Building mental resilience critical to tackle WFH-led mental stressors
Building workers’ resilience is crucial amid a work-from-home arrangement, which has heightened mental stressors caused by the blurring of work and personal life, said Senior Minister of State for Manpower Zaqy Mohamad.
“Workers must take time to take care not just of their physical health, but also of their mental well-being,” he said, at the launch of this year’s National Workplace Safety and Health Campaign, according to The Straits Times.

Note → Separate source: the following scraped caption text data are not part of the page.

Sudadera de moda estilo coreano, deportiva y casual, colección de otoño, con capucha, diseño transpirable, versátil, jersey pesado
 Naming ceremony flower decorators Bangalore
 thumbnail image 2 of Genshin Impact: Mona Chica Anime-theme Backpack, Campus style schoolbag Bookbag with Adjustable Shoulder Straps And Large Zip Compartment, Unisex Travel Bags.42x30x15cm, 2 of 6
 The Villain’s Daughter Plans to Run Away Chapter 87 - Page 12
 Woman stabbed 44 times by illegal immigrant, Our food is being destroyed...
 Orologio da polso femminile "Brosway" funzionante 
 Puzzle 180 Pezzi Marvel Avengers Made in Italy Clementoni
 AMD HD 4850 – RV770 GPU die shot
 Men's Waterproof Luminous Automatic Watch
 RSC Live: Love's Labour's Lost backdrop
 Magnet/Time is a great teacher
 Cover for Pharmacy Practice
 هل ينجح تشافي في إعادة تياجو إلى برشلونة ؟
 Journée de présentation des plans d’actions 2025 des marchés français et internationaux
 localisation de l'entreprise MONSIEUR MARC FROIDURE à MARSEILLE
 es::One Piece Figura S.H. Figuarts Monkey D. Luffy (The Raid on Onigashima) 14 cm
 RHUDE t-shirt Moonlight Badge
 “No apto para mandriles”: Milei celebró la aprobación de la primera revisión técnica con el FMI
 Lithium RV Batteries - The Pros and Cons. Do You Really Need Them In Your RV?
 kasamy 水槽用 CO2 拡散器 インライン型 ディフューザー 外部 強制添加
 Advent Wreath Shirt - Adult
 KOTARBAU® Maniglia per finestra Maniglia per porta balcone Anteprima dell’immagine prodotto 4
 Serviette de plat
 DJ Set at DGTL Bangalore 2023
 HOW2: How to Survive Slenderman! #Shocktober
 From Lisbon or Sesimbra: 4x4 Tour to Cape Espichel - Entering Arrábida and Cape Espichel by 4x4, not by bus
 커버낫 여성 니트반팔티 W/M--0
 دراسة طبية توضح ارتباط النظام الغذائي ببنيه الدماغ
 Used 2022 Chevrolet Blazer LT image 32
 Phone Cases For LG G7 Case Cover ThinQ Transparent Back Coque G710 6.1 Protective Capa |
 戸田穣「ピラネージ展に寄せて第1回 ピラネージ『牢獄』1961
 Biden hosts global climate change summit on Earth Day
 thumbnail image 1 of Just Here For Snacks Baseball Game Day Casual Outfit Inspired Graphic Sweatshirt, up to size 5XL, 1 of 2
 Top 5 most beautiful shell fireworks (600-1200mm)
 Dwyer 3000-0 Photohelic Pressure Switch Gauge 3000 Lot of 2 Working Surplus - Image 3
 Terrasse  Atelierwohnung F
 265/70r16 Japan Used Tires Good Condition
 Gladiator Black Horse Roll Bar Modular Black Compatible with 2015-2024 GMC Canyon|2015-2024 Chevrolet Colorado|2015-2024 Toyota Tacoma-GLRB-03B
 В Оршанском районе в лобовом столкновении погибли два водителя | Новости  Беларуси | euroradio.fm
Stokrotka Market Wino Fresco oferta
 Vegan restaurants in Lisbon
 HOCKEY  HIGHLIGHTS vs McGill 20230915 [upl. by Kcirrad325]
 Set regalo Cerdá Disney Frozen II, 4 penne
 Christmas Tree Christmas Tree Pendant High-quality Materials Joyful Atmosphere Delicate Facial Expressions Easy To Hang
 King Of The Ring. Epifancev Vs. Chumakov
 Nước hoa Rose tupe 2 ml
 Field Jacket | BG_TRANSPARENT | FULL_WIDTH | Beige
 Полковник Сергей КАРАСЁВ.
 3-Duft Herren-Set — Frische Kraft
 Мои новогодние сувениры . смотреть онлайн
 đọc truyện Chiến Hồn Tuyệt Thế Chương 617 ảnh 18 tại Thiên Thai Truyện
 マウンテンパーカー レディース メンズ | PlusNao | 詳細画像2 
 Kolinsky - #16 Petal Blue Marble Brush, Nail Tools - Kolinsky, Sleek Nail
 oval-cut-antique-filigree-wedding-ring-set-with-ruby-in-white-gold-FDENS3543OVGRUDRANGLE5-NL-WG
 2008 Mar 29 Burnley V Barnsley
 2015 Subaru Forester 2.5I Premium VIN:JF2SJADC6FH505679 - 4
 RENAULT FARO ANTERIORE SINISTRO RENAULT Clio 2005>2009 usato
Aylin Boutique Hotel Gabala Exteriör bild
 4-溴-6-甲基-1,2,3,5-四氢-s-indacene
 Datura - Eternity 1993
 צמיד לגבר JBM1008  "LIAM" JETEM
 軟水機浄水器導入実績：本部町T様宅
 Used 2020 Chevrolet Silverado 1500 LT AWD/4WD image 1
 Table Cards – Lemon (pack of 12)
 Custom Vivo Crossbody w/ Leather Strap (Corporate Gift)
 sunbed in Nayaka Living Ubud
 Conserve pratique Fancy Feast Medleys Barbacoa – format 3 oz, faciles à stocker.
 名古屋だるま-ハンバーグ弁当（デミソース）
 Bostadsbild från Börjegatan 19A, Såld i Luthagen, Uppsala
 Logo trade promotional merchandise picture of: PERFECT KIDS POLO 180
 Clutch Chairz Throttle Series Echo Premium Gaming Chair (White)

A new campaign on mental wellbeing will be held in September by healthcare institutions and agencies to share best practices on how to build workers’ mental resilience.
In 2022, a tripartite award on mental wellbeing will also be rolled out next year to recognise individuals and businesses that have adopted exemplary practices.
A poll commissioned by The Straits Times revealed that about one in three people felt that their mental health had worsened amid the pandemic.
The poll of 1,000 people, held from March 25 to 29, revealed that 31% percent respondents eported that their mental health had “somewhat worsened”, while 5% said that it had worsened “much more”.
This comes as Lawrence Wong, Singapore’s education minister and co-chair of the country’s COVID-19 taskforce, called for employees to be allowed to work from home as much as possible, in the wake of a recent rise in COVID-19 cases in Singapore.